» **Goal of the exercise**
The exact lines from the start of the material below through the line holding "What better way" are the answer; return those, pictures excluded.

» **Source data**
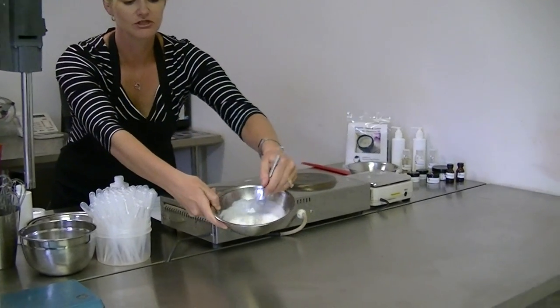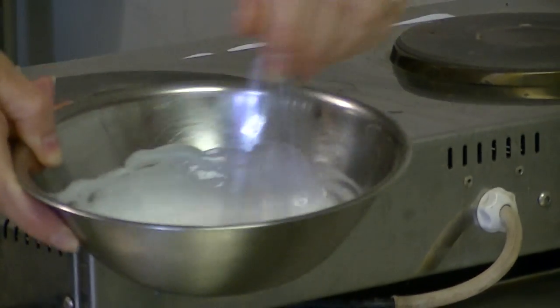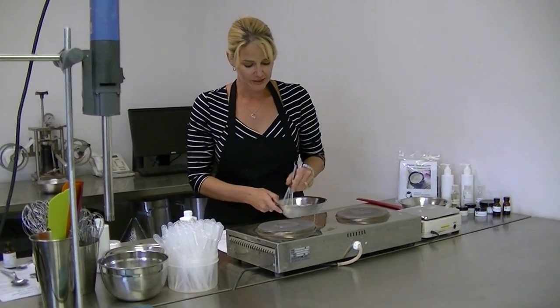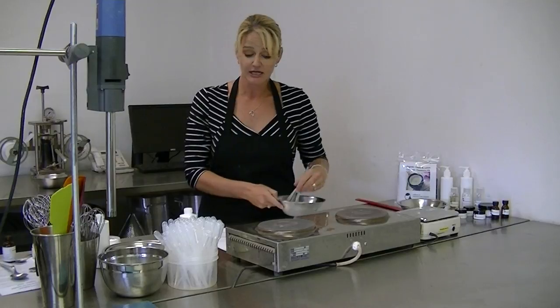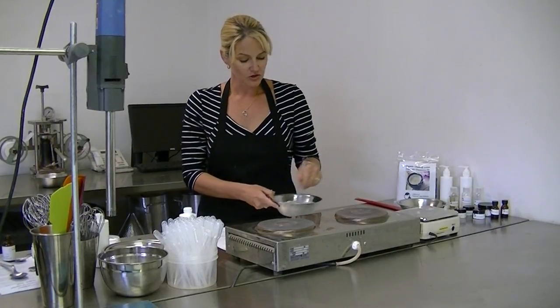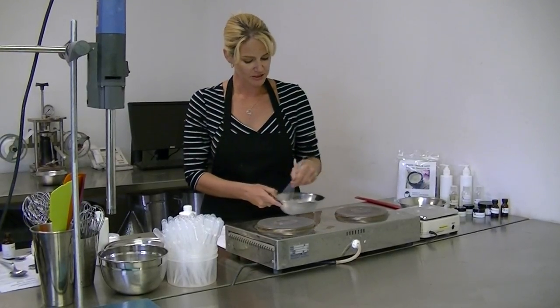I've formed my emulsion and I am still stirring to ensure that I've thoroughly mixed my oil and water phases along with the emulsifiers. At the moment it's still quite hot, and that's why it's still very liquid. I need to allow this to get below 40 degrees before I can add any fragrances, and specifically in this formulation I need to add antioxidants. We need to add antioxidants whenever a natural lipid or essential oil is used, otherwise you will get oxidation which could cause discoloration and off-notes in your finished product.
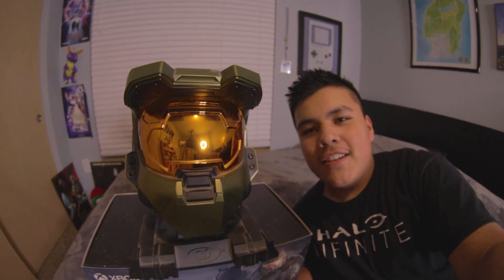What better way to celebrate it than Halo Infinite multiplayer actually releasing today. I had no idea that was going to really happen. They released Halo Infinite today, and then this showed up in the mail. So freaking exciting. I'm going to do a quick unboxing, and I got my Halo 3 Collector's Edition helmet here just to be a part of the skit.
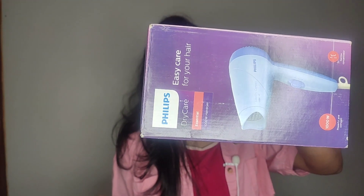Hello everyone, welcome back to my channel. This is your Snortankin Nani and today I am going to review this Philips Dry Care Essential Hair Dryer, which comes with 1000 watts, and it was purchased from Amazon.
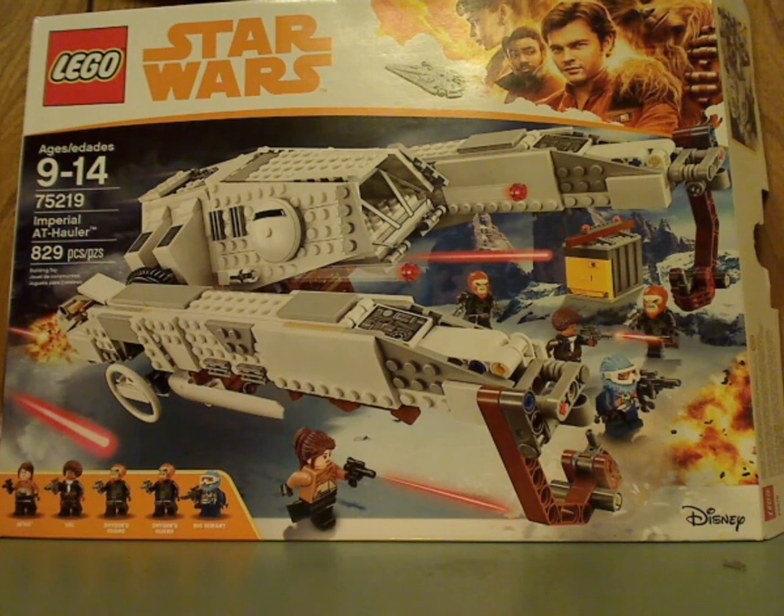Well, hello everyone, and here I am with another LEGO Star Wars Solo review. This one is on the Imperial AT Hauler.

» **Task solution**
I've formed my emulsion and I am still stirring to ensure that I've thoroughly mixed my oil and water phases along with the emulsifiers. At the moment it's still quite hot, and that's why it's still very liquid. I need to allow this to get below 40 degrees before I can add any fragrances, and specifically in this formulation I need to add antioxidants. We need to add antioxidants whenever a natural lipid or essential oil is used, otherwise you will get oxidation which could cause discoloration and off-notes in your finished product.
What better way to celebrate it than Halo Infinite multiplayer actually releasing today. I had no idea that was going to really happen. They released Halo Infinite today, and then this showed up in the mail. So freaking exciting. I'm going to do a quick unboxing, and I got my Halo 3 Collector's Edition helmet here just to be a part of the skit.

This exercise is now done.